[Records from a dataset]
------------------------------

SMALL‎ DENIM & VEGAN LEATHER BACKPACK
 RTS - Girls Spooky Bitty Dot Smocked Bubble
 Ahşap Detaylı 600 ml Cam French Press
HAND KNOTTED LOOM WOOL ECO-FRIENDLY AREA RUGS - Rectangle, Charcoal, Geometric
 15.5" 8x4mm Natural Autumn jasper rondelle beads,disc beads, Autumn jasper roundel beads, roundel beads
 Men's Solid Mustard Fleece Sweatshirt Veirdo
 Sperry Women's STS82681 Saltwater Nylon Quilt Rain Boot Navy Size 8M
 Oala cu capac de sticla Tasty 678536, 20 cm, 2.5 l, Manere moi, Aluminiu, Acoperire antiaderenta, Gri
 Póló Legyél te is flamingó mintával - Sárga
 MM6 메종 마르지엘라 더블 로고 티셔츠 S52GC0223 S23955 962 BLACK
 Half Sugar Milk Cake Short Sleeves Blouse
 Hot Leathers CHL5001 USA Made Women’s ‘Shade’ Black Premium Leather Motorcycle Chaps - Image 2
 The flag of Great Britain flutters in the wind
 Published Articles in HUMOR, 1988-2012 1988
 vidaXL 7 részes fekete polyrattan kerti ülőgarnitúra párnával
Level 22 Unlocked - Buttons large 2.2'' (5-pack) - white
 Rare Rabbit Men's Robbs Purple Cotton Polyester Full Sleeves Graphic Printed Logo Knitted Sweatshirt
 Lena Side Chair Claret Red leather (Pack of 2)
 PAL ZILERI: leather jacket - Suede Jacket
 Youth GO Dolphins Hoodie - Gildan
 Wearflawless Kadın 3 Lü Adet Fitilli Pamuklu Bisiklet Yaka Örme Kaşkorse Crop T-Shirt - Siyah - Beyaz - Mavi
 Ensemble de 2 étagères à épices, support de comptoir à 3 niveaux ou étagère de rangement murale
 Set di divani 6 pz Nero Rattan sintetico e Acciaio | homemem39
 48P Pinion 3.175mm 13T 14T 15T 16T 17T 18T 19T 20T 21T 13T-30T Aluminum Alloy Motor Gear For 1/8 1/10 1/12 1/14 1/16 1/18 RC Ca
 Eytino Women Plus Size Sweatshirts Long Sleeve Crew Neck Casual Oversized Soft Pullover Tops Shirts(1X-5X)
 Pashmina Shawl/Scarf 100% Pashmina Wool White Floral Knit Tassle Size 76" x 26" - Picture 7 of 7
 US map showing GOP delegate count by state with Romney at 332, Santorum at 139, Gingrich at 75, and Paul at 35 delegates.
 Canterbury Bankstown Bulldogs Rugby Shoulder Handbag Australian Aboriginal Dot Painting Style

------------------------------

**Task prompt**
Scan the records above for the string "Size", then copy each line where it turns up.

**The completed task**
 Sperry Women's STS82681 Saltwater Nylon Quilt Rain Boot Navy Size 8M
 Eytino Women Plus Size Sweatshirts Long Sleeve Crew Neck Casual Oversized Soft Pullover Tops Shirts(1X-5X)
 Pashmina Shawl/Scarf 100% Pashmina Wool White Floral Knit Tassle Size 76" x 26" - Picture 7 of 7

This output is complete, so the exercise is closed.